26, but in practice, it's pr, proven it works fine to do, let's say, r squared

way branching at the root. and immediately take care of the first

two characters, which is the common case, and then get down to small TSTs.

and there's variations of this, that you might imagine, but this is a really

simple one that almost always works. you have to deal especially with one and

two letter words. and we'll leave that for exercise.

but with that change now we get a, an algorithm that's is definitely faster

than hashing in red-black BSTs for our benchmarks.

and that'll turn out to be the case, for many applications.

So, just to summarize what are the trade offs between TSTs and hashing?

for hashing you have to examine the entire key, in order to compute the hash

function. we talked about examples, where people

try to skip doing that, and wind up with performance problems.

Not much difference between a hit and a miss in a hashing, and there's a lot of,

of reliance and maybe difficulty of implementation ah,depending on the hash

function. and also, hashing is really only good for

search and insert. the other kinds of operations that we'd

like to perform in symbol table when there's order in the keys is not

supported by hashing. with TSTs, it only works for strings or

if you have keys that are numbers, then you can rework them into strings, or

string like things.

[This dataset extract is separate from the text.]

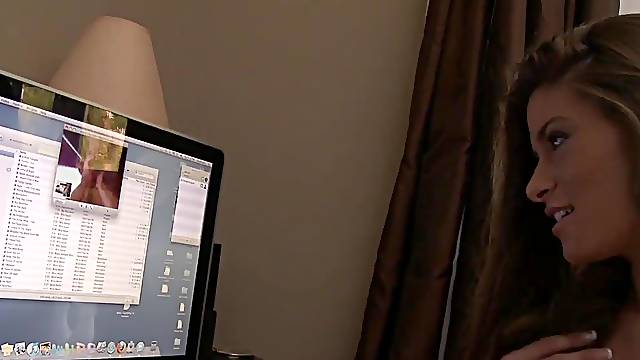 Sexy trio with 2 curvy bombshells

And that's that's a restriction but does

cover a huge number of applications. it, it only examines the key characters

that it needs to, and in particular, a search miss might involve only a few

characters. So, in typical applications you'll get

sub-linear performance in TSTs. You can get searches done without looking

at the whole key. the other thing is there's other, the

ordered symbol table operations you can, you know easily support with TSTs.

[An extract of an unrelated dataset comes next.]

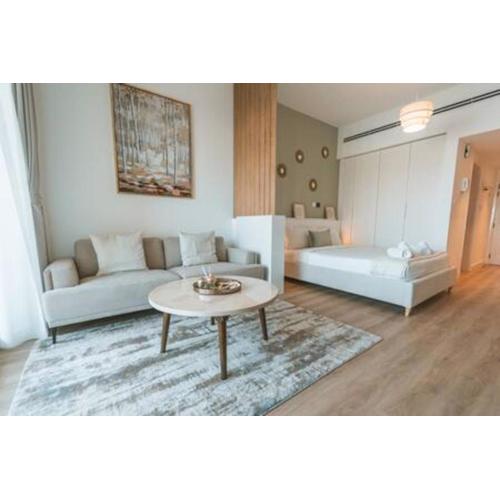 Cozy Chic Studio with Balcony The Greens Dubai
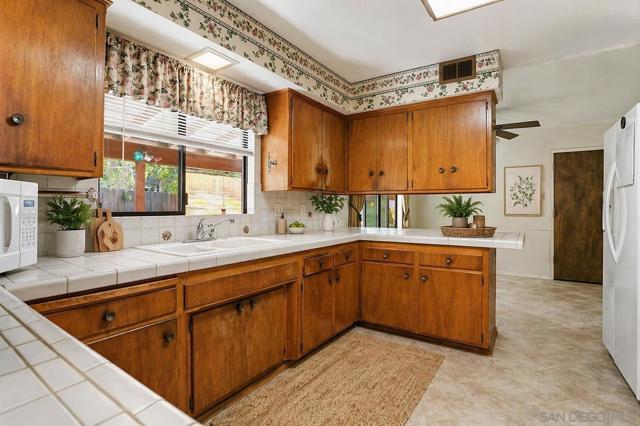 El Cajon, California, 92021, United States, 3 Bedrooms Bedrooms, ,2 BathroomsBathrooms,Residential,For Sale,2039955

just by extending, what we did for binary search tree.

and even more important there's other interesting operations that we can add

for string keys. that are very useful, and we'll see

applications, and implementations of these, in just a minute.

so the bottom line is that this data, is a relatively new data structure.

but, its better than the classic ones for important applications.

Its faster than hashing particular for search misses.

and its got more flexibility even than red black BSTs, and that's what we will

talk about soon, but that's an introduction to TSTs.